Each record must be written out again exactly. Skip any picture it contains.

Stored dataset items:
-- Opening Marker --

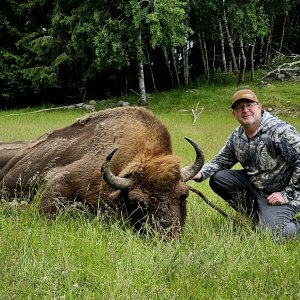 Wisent Hunt Sweden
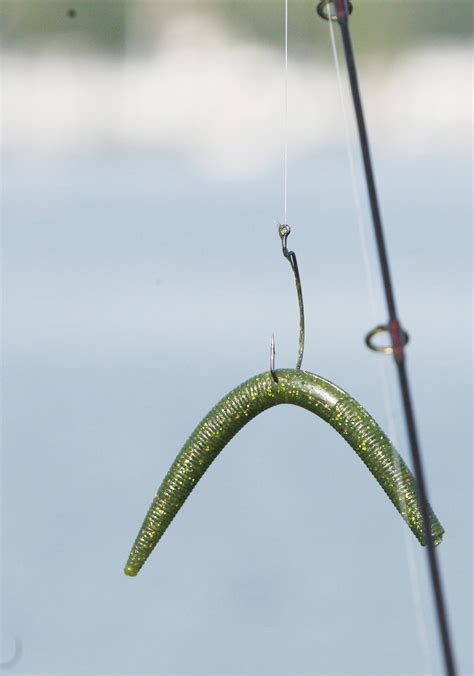 How To Fish A Wacky Worm From Shore - All Worms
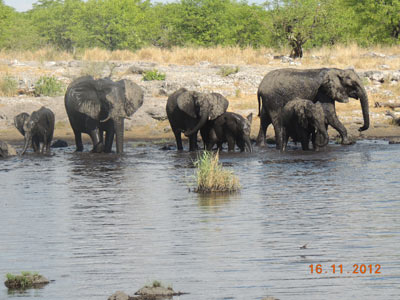 ©Guy D. - Tous Droits réservés Voyage en Namibie de Guy D.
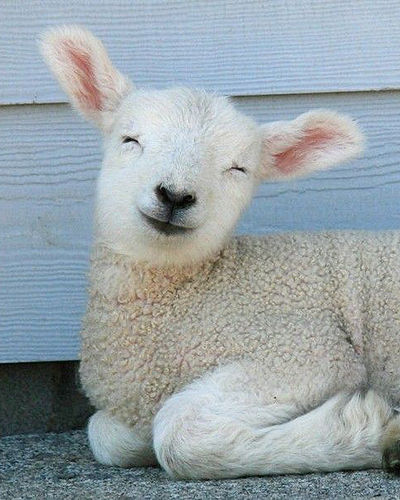 Make your customers as happy as this little lamb!
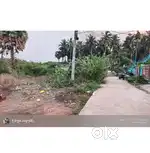 Land for sale 384 Gaza (8 cents)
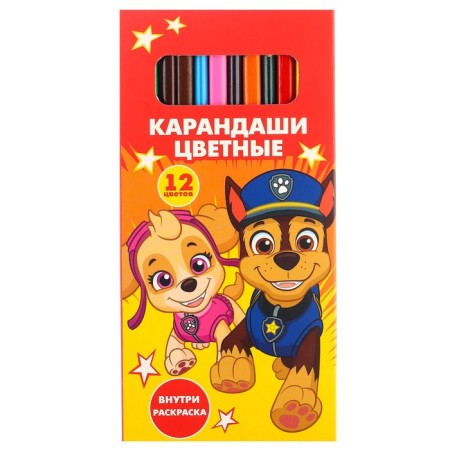 Pencils colored 12 colors, PAW PATROL-6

-- Closing Marker --

Result of the task:
 Wisent Hunt Sweden
 How To Fish A Wacky Worm From Shore - All Worms
 ©Guy D. - Tous Droits réservés Voyage en Namibie de Guy D.
 Make your customers as happy as this little lamb!
 Land for sale 384 Gaza (8 cents)
 Pencils colored 12 colors, PAW PATROL-6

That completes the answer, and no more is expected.